*Task requirements*.
Where the records below show a line containing "Mini COOPER 2025", start copying; end with the line containing "Sweatshirt Vous êtes licencié", and copy it too.

*Dataset excerpts*.

######

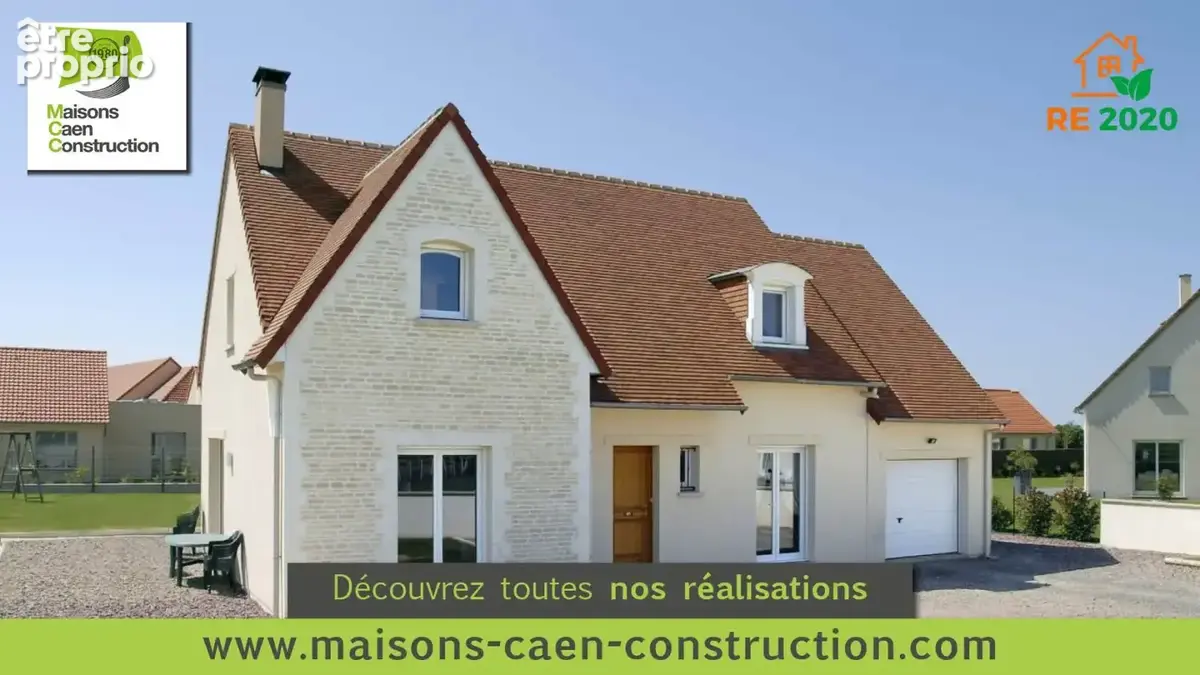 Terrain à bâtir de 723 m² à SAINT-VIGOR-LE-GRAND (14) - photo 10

######

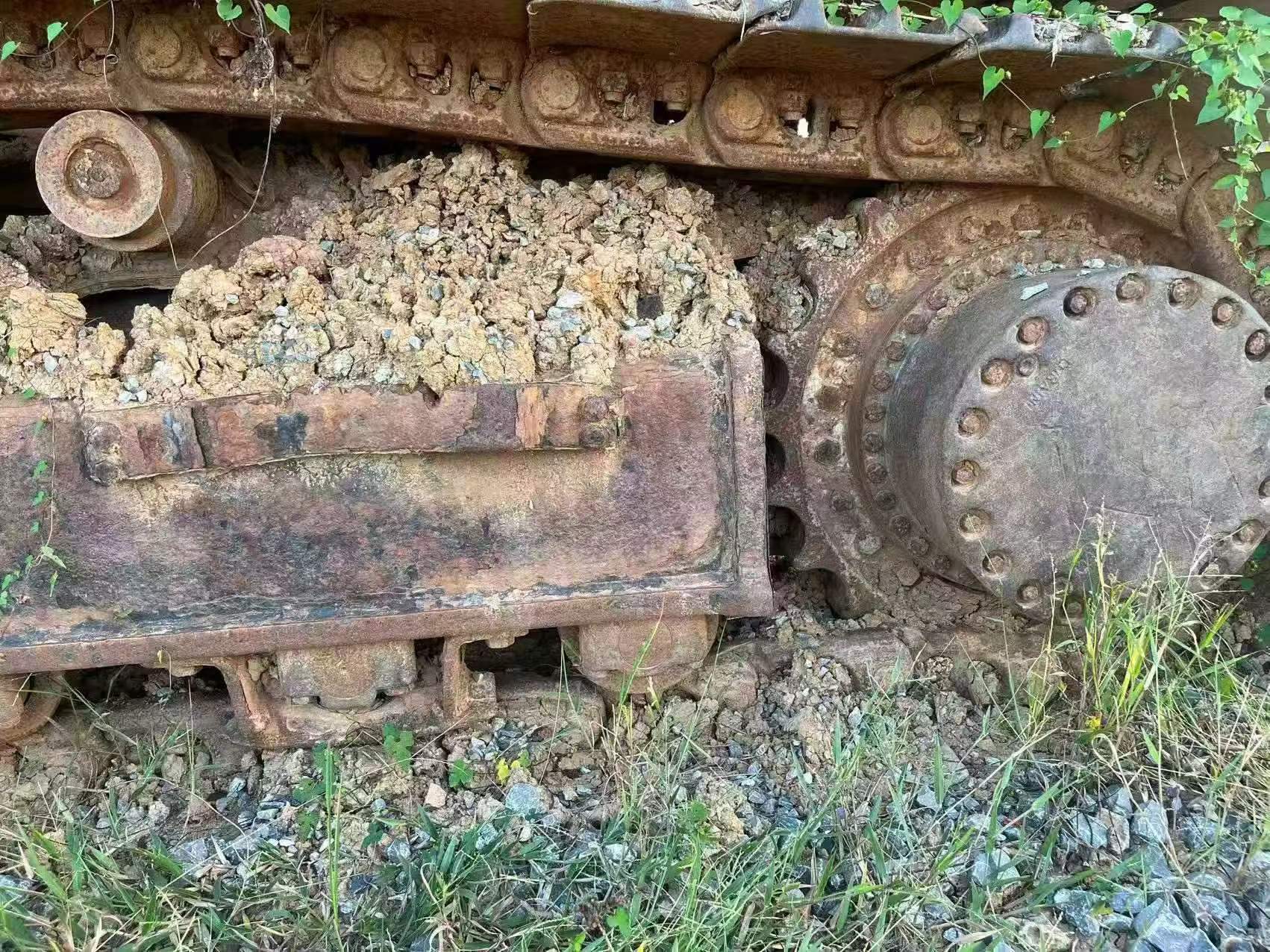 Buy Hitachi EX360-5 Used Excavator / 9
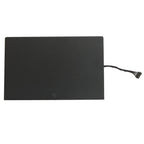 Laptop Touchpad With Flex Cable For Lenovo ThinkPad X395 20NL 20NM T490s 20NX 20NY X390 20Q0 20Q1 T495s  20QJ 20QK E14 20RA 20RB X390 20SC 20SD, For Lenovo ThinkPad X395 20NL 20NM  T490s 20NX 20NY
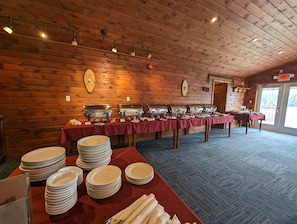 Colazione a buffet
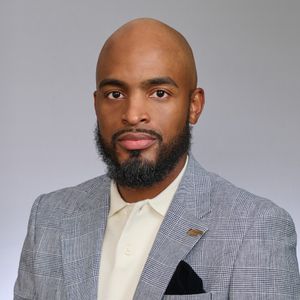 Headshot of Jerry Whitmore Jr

######

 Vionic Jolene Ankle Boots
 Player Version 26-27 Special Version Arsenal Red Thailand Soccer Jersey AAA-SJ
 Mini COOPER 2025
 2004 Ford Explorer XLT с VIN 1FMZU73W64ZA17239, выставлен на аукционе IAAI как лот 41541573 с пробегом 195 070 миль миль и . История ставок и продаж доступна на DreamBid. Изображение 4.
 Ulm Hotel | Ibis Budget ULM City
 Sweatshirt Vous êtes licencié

######

*Answer below*.
 Mini COOPER 2025
 2004 Ford Explorer XLT с VIN 1FMZU73W64ZA17239, выставлен на аукционе IAAI как лот 41541573 с пробегом 195 070 миль миль и . История ставок и продаж доступна на DreamBid. Изображение 4.
 Ulm Hotel | Ibis Budget ULM City
 Sweatshirt Vous êtes licencié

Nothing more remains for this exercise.